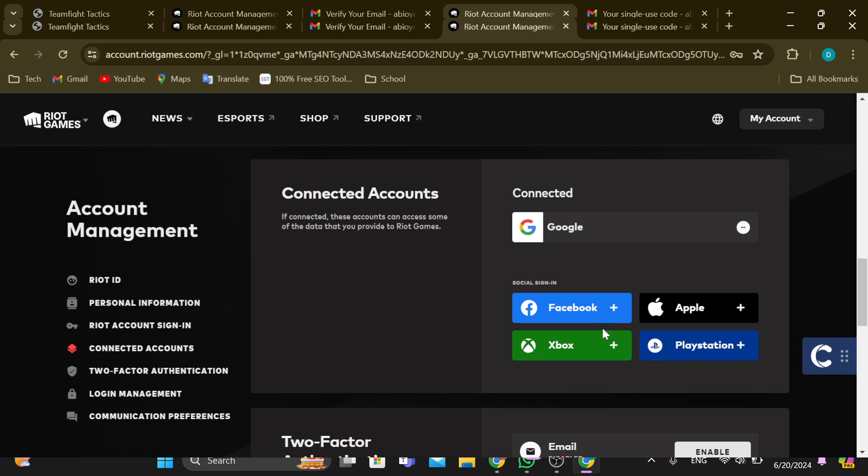to your Riot Games account, instead of this plus icon, you would see a minus icon, such as the one you can see here. So all you need to do is just click on the minus icon, and after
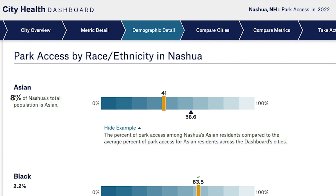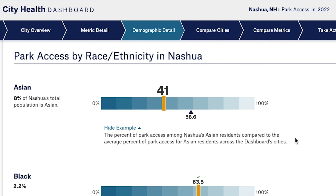For context, in Nashua, 8% of the city's total population is Asian. The gold bar shows the city value for the racial ethnic group you're looking at, and the navy triangle below the scale indicates the Dashboard city average for that same demographic group. In this case, 41% of the Asian residents in Nashua live within a 10-minute walk to a park, compared to 58.6% for all Asian residents across the Dashboard cities.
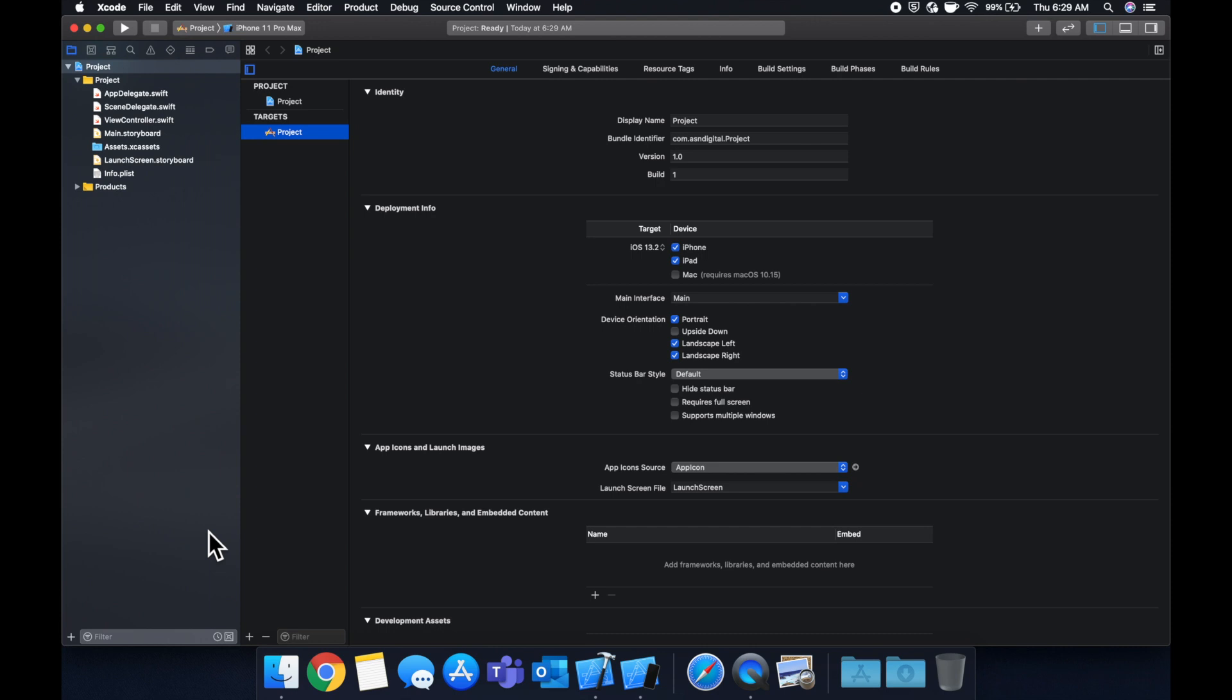And what we need to do is twofold. One part is add the actual switch to our storyboard. The other part is create an outlet and function to handle what happens when we switch it on and off respectively.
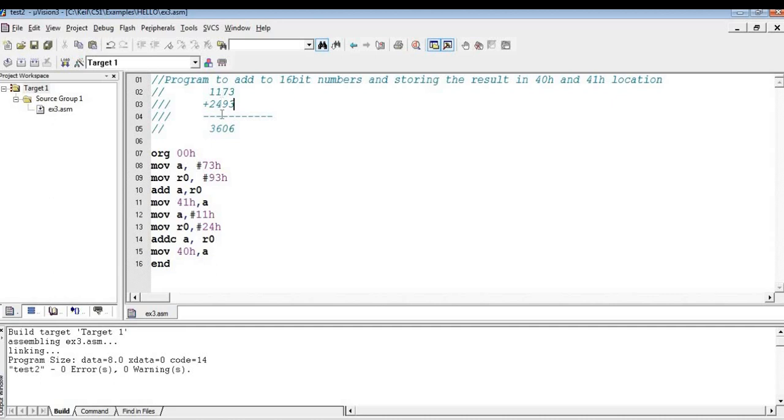So 1 plus 4 plus 1 carry is 6. So 1 plus 2 is 3. So the result is 3606. So you should get this result 3606 and store this result in 40 and 41.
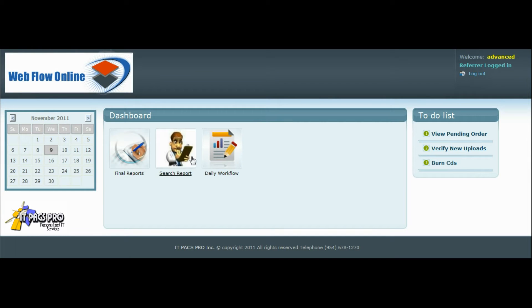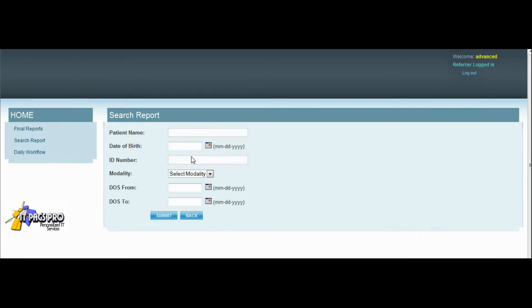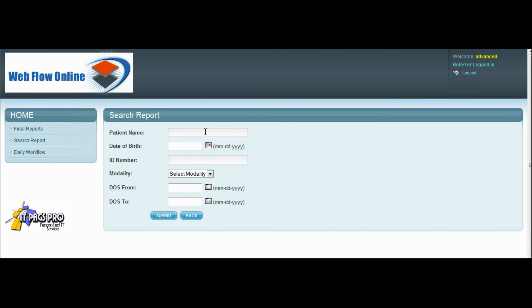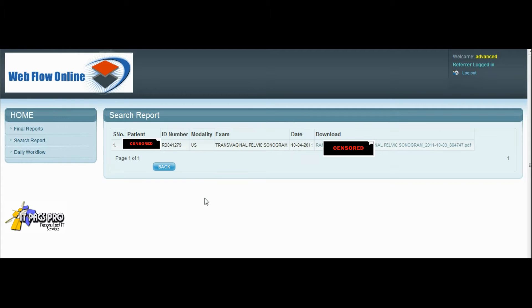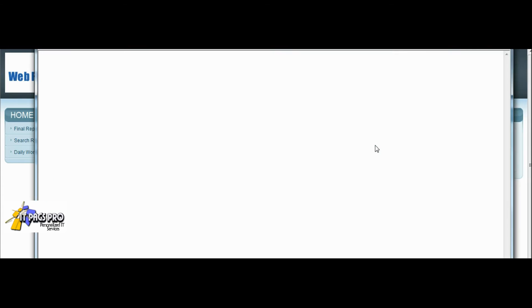The referring physician also has the ability to search for reports by name, by ID number, by modality, or a date of service range. The results will display here and a link will be presented to download the PDF.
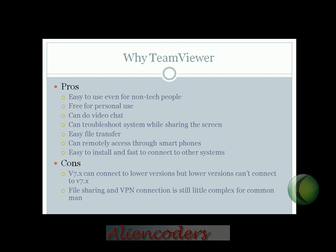What are the advantages of using Teamweaver? It is easy to use even if you are not a very technical person. You can use it with just three easy steps, and it is free for personal use. You can do video chat and audio chat with your friends, and if you have a problem and want to troubleshoot online, you can use the screen sharing feature.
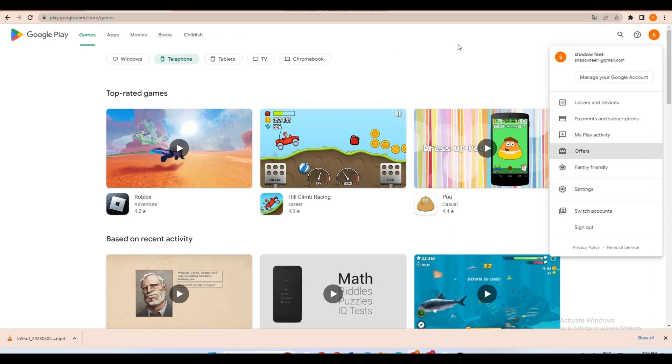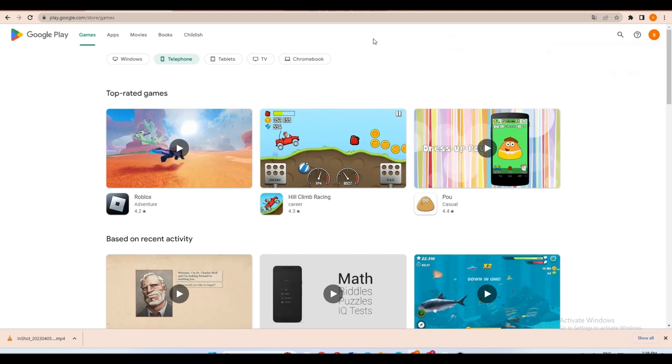First, you need to make sure that you're logged into Google Pay. And then this is what it looks like. We have here games, apps, movies, books, and other things in which you can connect your Google Pay.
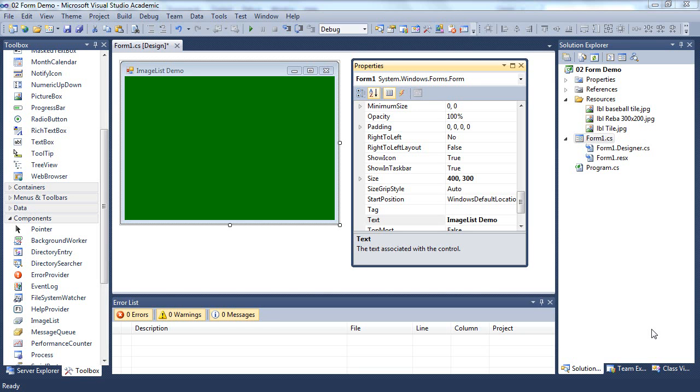Rather than using picture boxes to display images, I often use labels. We saw earlier we can embed an image in a label, but one of the reasons I use labels to display images is when I want that image to maybe change over the course of the program.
━━━━━━━━
■ **WORK REQUEST**
Copy the records above exactly, omitting every picture.

■ **SOLUTION FOR THIS PROBLEM**
to your Riot Games account, instead of this plus icon, you would see a minus icon, such as the one you can see here. So all you need to do is just click on the minus icon, and after
For context, in Nashua, 8% of the city's total population is Asian. The gold bar shows the city value for the racial ethnic group you're looking at, and the navy triangle below the scale indicates the Dashboard city average for that same demographic group. In this case, 41% of the Asian residents in Nashua live within a 10-minute walk to a park, compared to 58.6% for all Asian residents across the Dashboard cities.
And what we need to do is twofold. One part is add the actual switch to our storyboard. The other part is create an outlet and function to handle what happens when we switch it on and off respectively.
So 1 plus 4 plus 1 carry is 6. So 1 plus 2 is 3. So the result is 3606. So you should get this result 3606 and store this result in 40 and 41.
The referring physician also has the ability to search for reports by name, by ID number, by modality, or a date of service range. The results will display here and a link will be presented to download the PDF.
What are the advantages of using Teamweaver? It is easy to use even if you are not a very technical person. You can use it with just three easy steps, and it is free for personal use. You can do video chat and audio chat with your friends, and if you have a problem and want to troubleshoot online, you can use the screen sharing feature.
First, you need to make sure that you're logged into Google Pay. And then this is what it looks like. We have here games, apps, movies, books, and other things in which you can connect your Google Pay.
Rather than using picture boxes to display images, I often use labels. We saw earlier we can embed an image in a label, but one of the reasons I use labels to display images is when I want that image to maybe change over the course of the program.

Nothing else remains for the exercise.